In the decision under appeal, the opposition division held that the grounds for opposition did not prejudice the maintenance of the patent unamended, having regard to, inter alia, the following documents:

(E2) EP-B-0 601 339,

(E3) EP-A-0 085 417,

(E10) DE-C-41 04 702.

In the following, the application corresponding to patent E2 will be designated E2'.

III. Oral proceedings were held on 6 December 2004.

IV. The appellant requested that the decision under appeal be set aside and the patent be revoked.

As a main request, the respondent requested that the appeal be dismissed and, as an auxiliary request, that the patent be maintained with an amended claim 1 filed at the oral proceedings and with claims 2 and 3, description and drawings of the patent as granted.

V. The wording of claim 1 of the patent as granted reads as follows:

"An intravenous lead (110) for use with a cardiac device (30) implantable beneath the skin of a patient, the lead including: at least one electrode (116) carried by the lead and adapted to be coupled to the implantable cardiac device, a lead section (126) having a coiled configuration for making substantially continuous surface contact with inner wall surfaces of an artery or vein after the lead body is fed into the artery or vein, an inner stylet coil (130), and an outer electrically insulative jacket (132) coaxial with and overlying the inner stylet coil, the lead characterized by the inner stylet coil (130) also being coiled to impart the form of the lead coiled section (126) to the lead."

VI. The wording of the amended claim 1 according to the respondent's auxiliary request corresponds to that of claim 1 of the patent as granted with the insertion of the following feature immediately after the expression "characterized by":

"the at least one electrode (116) being coaxial with and overlying the outer electrically insulative jacket (132) and".

Reasons for the Decision

1. The appeal is admissible.

2. Novelty (Article 54(3),(4) EPC)

2.1. The content of the European patent application E2', of which the date of priority (11 December 1992) is prior to the dates of priority of the patent in suit and which was published (15 June 1994) after those dates, is comprised in the state of the art pursuant to Article 54(3) EPC. This applies only with regard to the Contracting States DE, FR, GB, IT and NL designated in respect of both the application E2' and the present patent (Article 54(4) EPC).

2.2. When assessing novelty of the subject-matter of claim 1 of the patent as granted, a controversial issue was the interpretation of the claim. According to the appellant, the fact that the intravenous lead "included" the features listed in the claim, namely at least one electrode, a lead section having a coiled configuration, an inner stylet coil and an outer electrically insulative jacket, could only mean that the mentioned features were all parts of the lead itself. In particular, the electrode had to be considered as part of the inner stylet coil (see the grounds of appeal, no. 1). The respondent, however, stressed the fact that the electrode was "carried by the lead", which fact indicated that the lead and the electrode were separate elements, the lead only "including" the coiled lead section, the inner stylet coil and the outer electrically insulating jacket. Thus, the electrode could not be part of the inner stylet coil (see the respondent's letter of 21 November 2002, no. II).

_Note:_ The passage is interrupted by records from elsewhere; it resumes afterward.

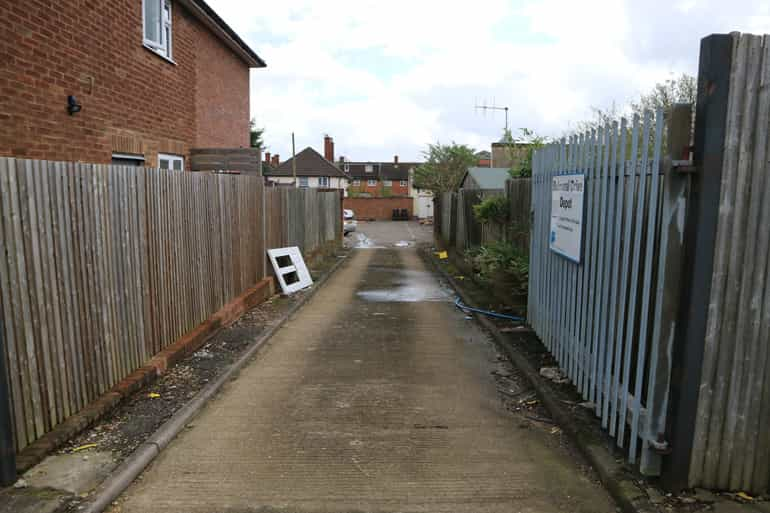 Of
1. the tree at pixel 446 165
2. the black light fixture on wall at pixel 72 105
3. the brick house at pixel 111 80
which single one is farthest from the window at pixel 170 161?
the tree at pixel 446 165

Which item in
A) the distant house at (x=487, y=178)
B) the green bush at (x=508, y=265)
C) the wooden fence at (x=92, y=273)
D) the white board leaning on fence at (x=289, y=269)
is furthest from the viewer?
the distant house at (x=487, y=178)

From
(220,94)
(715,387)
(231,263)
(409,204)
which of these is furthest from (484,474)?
(409,204)

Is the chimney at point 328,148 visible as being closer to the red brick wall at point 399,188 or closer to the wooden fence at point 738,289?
the red brick wall at point 399,188

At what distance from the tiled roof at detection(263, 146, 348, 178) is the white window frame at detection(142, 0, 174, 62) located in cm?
5544

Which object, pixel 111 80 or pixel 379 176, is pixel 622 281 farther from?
pixel 379 176

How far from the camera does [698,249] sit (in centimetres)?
343

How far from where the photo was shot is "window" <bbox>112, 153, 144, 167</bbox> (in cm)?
930

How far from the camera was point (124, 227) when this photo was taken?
18.4 feet

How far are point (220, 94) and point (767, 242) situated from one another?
13.7m

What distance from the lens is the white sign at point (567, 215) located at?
5367mm

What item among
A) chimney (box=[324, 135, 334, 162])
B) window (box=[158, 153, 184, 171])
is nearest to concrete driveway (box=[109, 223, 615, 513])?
window (box=[158, 153, 184, 171])

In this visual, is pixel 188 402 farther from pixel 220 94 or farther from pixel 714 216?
pixel 220 94

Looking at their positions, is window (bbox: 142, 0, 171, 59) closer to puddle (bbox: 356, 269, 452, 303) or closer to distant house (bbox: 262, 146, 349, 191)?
puddle (bbox: 356, 269, 452, 303)

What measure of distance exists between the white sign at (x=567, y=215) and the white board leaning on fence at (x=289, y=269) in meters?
6.59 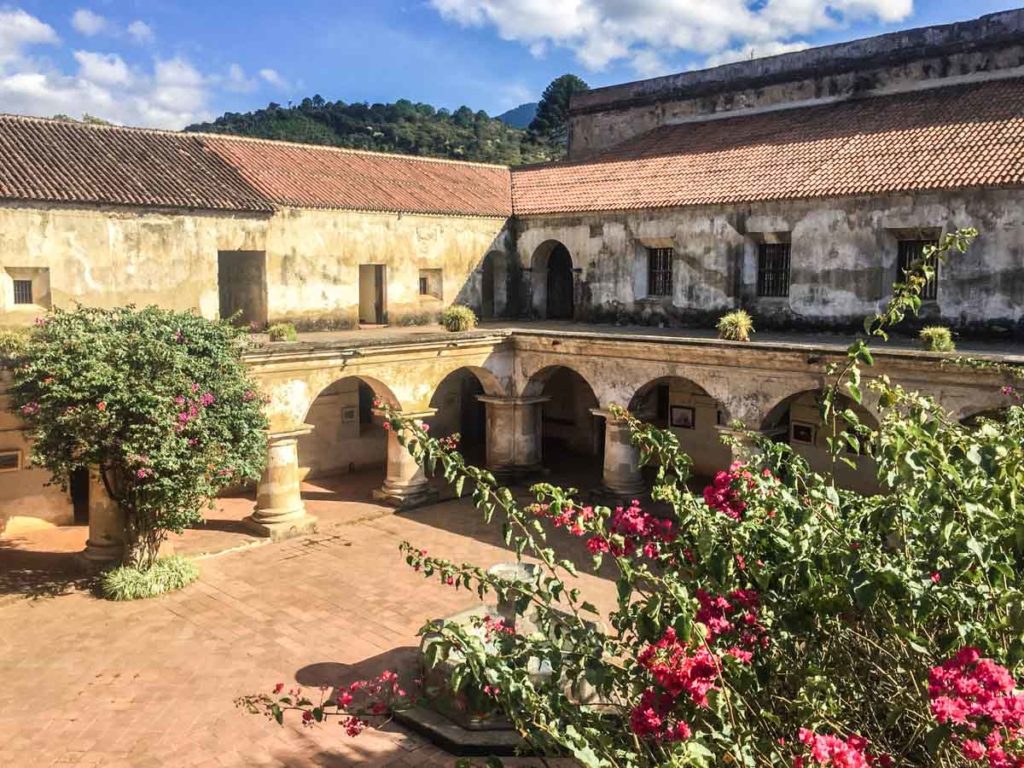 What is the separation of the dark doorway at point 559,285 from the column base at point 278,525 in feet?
38.9

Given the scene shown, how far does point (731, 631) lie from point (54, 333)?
13.5 metres

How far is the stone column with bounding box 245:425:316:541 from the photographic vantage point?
18625 mm

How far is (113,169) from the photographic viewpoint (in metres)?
20.3

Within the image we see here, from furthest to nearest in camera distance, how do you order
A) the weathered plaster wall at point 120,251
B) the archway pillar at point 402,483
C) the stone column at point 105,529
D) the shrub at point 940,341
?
the archway pillar at point 402,483, the weathered plaster wall at point 120,251, the shrub at point 940,341, the stone column at point 105,529

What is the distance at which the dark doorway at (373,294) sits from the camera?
2495 centimetres

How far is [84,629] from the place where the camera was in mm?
13859

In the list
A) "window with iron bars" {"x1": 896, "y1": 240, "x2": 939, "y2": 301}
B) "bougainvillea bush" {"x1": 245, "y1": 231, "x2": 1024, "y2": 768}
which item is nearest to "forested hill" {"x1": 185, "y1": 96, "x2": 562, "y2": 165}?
"window with iron bars" {"x1": 896, "y1": 240, "x2": 939, "y2": 301}

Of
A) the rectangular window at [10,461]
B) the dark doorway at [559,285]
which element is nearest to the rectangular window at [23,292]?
the rectangular window at [10,461]

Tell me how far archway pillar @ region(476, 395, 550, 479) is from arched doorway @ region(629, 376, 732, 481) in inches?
121

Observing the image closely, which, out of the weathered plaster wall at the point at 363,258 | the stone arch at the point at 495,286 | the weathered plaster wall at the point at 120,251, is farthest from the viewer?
the stone arch at the point at 495,286

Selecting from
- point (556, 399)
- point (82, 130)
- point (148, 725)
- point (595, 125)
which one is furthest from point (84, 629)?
point (595, 125)

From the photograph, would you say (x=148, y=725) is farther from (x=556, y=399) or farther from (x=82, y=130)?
(x=556, y=399)

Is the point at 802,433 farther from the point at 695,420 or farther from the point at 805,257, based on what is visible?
the point at 805,257

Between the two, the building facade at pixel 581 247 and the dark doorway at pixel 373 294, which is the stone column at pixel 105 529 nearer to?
the building facade at pixel 581 247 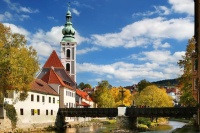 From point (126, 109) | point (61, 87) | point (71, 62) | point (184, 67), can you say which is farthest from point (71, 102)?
point (184, 67)

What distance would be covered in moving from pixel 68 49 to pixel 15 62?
67942 millimetres

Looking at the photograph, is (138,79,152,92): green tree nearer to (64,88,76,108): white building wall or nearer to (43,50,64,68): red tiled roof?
(64,88,76,108): white building wall

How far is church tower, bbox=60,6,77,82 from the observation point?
106875 millimetres

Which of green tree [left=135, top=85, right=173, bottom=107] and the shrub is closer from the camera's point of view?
the shrub

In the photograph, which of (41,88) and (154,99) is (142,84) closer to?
(154,99)

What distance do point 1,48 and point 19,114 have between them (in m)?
12.9

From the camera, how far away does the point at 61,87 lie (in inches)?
2773

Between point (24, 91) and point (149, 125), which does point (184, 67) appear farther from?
point (149, 125)

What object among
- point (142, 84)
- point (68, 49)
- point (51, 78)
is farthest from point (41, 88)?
point (142, 84)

The alleged ambiguity, therefore, consists in the fact that the claimed feature that the lead "includes" at least one electrode appears to be inconsistent, at least from a linguistic point of view, with the further claimed feature that the electrode is "carried by the lead". As regards the former feature, the terms "lead" and "electrode" are per se clear to a skilled reader. The verb "include", considered in its usual literal sense, means "comprise or contain as part of a whole". It follows that the former feature, when taken alone, recites the fact that the electrode is part of a whole represented by the lead. The latter feature, however, leads to a different conclusion. Since the verb "carry", in its usual sense, implies that an entity supports another distinct entity, the electrode would not be part of the lead itself.

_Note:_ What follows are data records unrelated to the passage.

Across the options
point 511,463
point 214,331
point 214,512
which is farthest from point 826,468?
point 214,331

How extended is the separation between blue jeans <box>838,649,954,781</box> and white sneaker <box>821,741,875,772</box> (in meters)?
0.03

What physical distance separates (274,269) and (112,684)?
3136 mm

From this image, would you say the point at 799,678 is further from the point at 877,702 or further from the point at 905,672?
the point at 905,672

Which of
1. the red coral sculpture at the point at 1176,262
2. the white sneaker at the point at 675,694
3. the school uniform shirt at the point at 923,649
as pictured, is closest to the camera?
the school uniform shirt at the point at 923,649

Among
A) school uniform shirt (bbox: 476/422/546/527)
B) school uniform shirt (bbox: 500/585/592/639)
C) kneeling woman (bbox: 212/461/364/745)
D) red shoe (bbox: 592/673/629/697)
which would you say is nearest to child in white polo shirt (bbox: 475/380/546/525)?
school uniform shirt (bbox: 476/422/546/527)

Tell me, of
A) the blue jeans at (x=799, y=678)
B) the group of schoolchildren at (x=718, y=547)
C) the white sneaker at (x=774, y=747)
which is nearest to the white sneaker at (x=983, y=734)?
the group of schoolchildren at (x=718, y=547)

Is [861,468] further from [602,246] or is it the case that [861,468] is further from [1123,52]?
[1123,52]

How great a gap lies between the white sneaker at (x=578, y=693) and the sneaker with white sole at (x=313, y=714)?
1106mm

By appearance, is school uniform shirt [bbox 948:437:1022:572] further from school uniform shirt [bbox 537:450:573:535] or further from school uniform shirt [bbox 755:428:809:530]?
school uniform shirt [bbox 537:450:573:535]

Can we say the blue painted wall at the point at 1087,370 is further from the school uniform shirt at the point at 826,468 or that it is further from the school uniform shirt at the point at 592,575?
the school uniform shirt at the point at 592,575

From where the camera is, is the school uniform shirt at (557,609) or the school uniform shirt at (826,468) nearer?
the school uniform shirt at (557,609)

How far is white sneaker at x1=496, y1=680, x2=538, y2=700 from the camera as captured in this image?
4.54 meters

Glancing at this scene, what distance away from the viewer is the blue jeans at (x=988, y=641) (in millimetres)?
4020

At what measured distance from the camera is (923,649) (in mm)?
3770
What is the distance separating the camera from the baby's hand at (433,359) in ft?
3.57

2.3. In order to resolve this alleged ambiguity, the Board considers that it is appropriate to rely on the generally accepted principle of law stating that the proper interpretation of a document, more specifically any part thereof, is to be derived by having regard to the whole document. In other words, the best interpretation of any part of a document is made when the whole context of the disclosure is taken into account ("ex praecedentibus et consequentibus optima fit interpretatio") (T 860/93, OJ 1995, 047, point 5.1 of the reasons; T 556/02, point 5.3 of the reasons). The application of this principle to patent documents, which are intended for a skilled reader, thus entails that the claims should be construed as they would be by a person skilled in the relevant technical field in the light of the overall content of the patent specification. For apparent reasons, this principle of law finds due application after grant with regard to unamended patent claims, whereas in grant proceedings the requirement of clarity (Article 84 EPC) makes it necessary to draft clear claims that, as far as possible, are comprehensible on the basis of the information provided therein only. Moreover, the application of said principle should not result in an undue limitation of the scope of a broadly drafted claim. It is rather intended to avoid the risk of relying on interpretations, which, privileging a literal interpretation of the claimed subject-matter without having regard to the rest of the patent, would be out of context and not consistent with the rest of the disclosure.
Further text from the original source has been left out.